Microsoft Windows Media Services is a feature of Microsoft Windows 2000 Server, Advanced Server, and Datacenter Server, and is also available in a downloadable version for Windows NT 4.0 Server. Windows Media Services contains support for a method of delivering media content to clients across a network known as multicast streaming. In multicast streaming, the server has no connection to or knowledge of the clients that may be receiving the stream of media content coming from the server. To facilitate logging of client information for the server, Windows 2000 includes a capability specifically designed to enable logging for multicast transmissions.
This logging capability is implemented as an Internet Services Application Programming Interface (ISAPI) extension–nsiislog.dll. When Windows Media Services are added through add/remove programs to Windows 2000, nsiislog.dll is installed in the Internet Information Services (IIS) Scripts directory on the server. Once Windows Media Services is installed, nsiislog.dll is automatically loaded and used by IIS. There is a flaw in the way nsiislog.dll processes incoming client requests. A vulnerability exists because an attacker could send specially formed HTTP request (communications) to the server that could cause IIS to fail or execute code on the user’s system.
Windows Media Services is not installed by default on Windows 2000. An attacker attempting to exploit this vulnerability would have to be aware of which computers on the network had Windows Media Services installed on it and send a specific request to that server.
THIS WEEK’S NASTY WINDOWS WORRIES
The following information is from Symantec’s Web site, at www.symantec.com.
Trojan.Mitglieder.E is a variant of Trojan.Mitglieder.
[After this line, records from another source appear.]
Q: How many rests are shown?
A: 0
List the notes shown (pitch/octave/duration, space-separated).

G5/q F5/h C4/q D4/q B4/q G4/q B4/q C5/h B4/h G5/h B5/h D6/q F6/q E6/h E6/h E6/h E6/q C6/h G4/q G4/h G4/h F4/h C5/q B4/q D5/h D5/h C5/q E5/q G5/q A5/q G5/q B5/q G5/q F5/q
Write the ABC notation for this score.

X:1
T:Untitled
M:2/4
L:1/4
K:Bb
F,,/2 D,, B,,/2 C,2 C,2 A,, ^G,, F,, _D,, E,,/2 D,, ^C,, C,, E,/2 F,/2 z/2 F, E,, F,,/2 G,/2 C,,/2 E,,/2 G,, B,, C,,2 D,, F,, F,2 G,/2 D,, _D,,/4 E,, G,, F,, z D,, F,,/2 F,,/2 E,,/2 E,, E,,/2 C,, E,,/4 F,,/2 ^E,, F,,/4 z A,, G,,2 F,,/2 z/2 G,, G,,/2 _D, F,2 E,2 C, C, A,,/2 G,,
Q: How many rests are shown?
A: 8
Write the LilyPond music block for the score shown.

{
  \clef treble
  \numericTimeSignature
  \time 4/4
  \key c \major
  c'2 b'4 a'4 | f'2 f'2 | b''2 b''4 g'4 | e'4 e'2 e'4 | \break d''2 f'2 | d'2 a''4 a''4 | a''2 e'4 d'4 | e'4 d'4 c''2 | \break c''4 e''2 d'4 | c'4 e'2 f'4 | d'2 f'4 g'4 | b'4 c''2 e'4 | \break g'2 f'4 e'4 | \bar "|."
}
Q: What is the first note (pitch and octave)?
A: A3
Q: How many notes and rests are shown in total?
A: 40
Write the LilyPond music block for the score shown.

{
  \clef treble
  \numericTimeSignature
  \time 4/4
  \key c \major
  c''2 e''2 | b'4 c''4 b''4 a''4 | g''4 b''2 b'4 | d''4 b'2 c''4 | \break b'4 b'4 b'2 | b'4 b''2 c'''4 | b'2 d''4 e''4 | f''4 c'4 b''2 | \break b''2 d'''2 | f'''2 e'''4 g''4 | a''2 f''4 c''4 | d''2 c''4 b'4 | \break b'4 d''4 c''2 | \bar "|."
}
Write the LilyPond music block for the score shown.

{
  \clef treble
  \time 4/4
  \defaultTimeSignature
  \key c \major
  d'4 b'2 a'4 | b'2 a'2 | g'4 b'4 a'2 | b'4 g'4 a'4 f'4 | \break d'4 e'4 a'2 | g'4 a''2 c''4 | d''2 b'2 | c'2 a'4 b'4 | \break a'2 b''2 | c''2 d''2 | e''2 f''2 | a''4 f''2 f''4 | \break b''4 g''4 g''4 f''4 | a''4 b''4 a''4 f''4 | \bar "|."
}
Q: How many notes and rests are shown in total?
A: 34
The Trojan opens a proxy on the system, attempts to stop security software, and is able to update itself.
W32.Beagle.M@mm is a polymorphic mass-mailing worm that uses its own SMTP engine to spread through e-mail. Like previous Beagle variants, this worm opens a backdoor (it listens on TCP port 2556) and attempts to spread through file-sharing networks by copying itself to folders that contain “shar” in their names. W32.Beagle.M@mm also infects files with the EXE extension.
Trojan.Etsur monitors and records certain user activity and sends information back to its creator. In particular, it may record online-banking user names and passwords.
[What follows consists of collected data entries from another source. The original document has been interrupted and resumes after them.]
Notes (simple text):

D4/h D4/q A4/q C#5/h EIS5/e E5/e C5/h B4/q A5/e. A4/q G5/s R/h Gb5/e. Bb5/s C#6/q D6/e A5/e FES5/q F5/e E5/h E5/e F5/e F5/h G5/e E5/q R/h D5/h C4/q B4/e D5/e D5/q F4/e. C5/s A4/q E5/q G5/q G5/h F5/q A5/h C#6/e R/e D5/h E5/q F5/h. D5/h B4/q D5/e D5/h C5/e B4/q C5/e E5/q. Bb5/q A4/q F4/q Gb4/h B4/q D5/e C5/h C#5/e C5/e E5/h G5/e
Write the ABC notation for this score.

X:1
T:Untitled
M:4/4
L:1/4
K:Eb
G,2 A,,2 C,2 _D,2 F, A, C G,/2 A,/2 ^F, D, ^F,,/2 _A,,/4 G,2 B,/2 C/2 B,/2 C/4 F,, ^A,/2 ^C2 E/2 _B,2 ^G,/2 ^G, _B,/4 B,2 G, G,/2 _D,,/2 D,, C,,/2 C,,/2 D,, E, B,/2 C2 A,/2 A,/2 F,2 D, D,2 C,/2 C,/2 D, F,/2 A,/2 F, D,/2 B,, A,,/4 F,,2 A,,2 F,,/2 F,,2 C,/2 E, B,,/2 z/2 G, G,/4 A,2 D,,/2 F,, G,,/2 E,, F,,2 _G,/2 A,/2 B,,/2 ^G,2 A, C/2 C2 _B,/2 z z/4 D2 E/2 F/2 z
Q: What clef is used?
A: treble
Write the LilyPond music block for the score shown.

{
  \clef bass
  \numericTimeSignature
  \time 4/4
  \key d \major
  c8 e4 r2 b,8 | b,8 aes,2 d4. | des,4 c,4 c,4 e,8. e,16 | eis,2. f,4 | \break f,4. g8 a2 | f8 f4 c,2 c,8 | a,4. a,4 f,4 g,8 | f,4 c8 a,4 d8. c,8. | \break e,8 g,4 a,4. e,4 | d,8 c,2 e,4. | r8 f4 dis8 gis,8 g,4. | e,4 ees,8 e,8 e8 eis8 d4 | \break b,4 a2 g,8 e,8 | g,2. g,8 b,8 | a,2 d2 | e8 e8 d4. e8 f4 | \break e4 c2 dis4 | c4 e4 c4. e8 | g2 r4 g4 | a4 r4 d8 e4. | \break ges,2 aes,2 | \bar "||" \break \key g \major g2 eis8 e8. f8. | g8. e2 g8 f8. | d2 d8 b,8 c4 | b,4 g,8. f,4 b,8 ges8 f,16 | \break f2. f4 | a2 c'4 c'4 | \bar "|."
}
Trojan.Noupdate is a Trojan horse that attempts to prevent users from updating their computer with the latest Microsoft Windows patches.
Trojan.Gipma is a Trojan horse program that displays obscene messages and makes the desktop and task bar invisible. Trojan.Gipma is written in Microsoft Visual Basic.
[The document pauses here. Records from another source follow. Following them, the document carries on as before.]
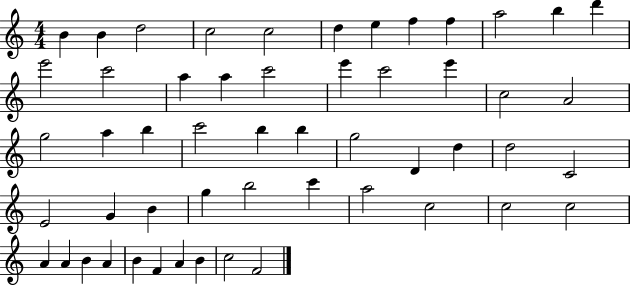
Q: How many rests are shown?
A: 0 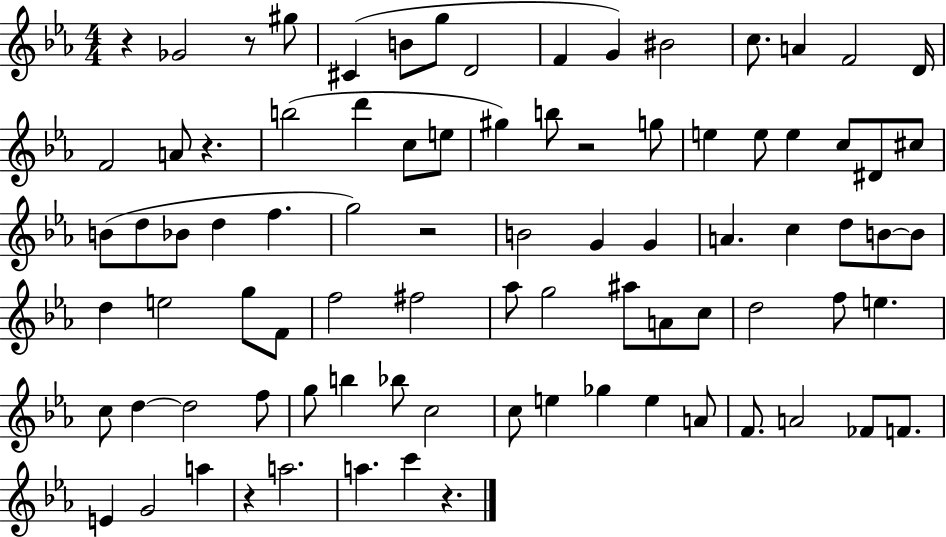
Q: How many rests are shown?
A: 7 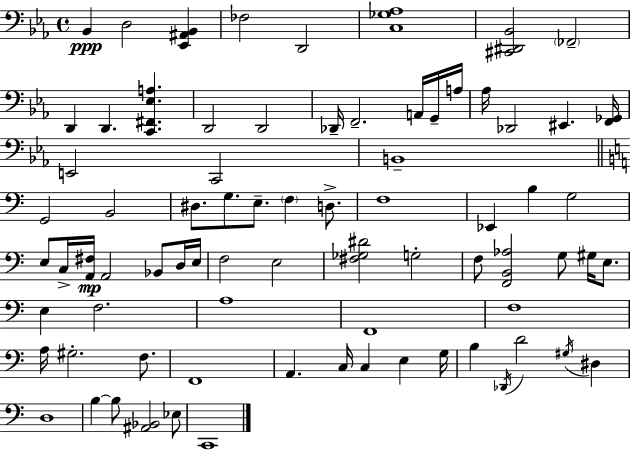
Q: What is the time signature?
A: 4/4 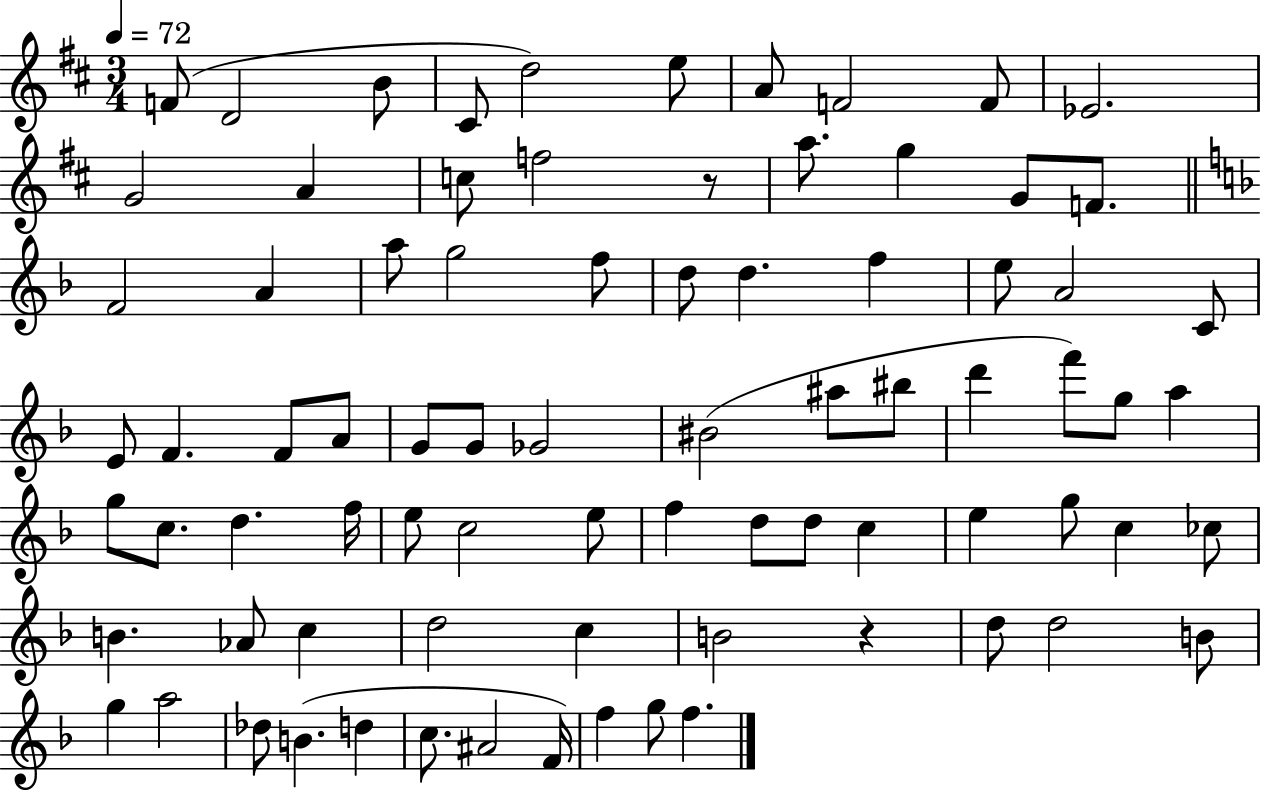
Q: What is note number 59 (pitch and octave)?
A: B4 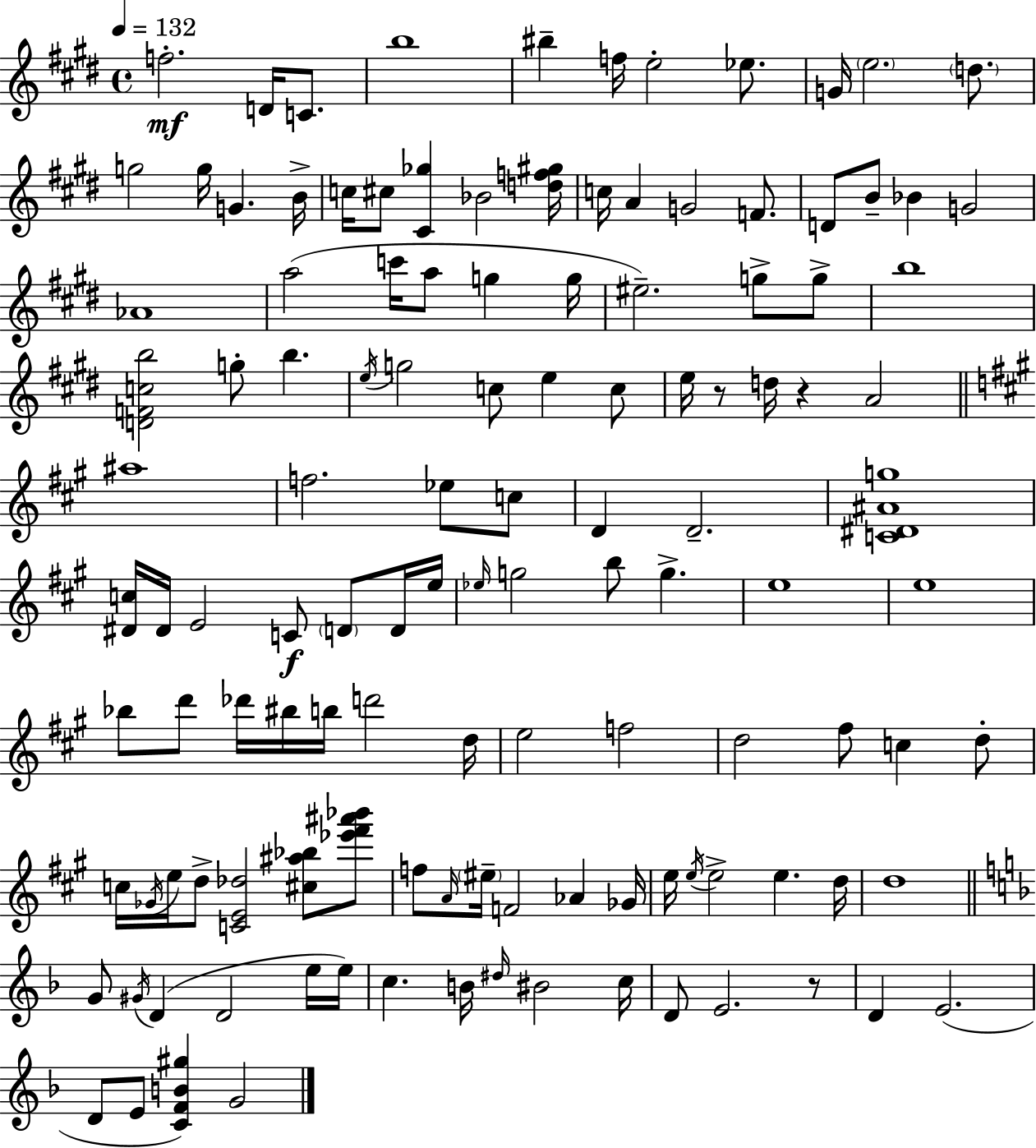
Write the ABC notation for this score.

W32.Cone.D@mm is a mass-mailing worm that uses its own SMTP engine to send itself to the e-mail addresses it gathers from files on an infected computer. The e-mail attachment will have a .exe or .zip file extension. This threat is written in Microsoft Visual C++ and is compressed with UPX.
W32.Netsky.M@mm is a mass-mailing worm that uses its own SMTP engine to send itself to the e-mail addresses it finds when scanning hard drives and mapped drives. The “sender” of the e-mail is spoofed, and its subject, message body, and attachments vary. The attachment has a .pif extension.
Trojan.Simcss.B is a variant of Trojan.Simcss that terminates processes and downloads and executes files from the Internet.
PTF’S AND FIXES FOR OS/400 AND RELATED PROGRAMS
IBM released the latest cumulative package for V5R2 customers on January 21.
The latest HIPER package was released March 3.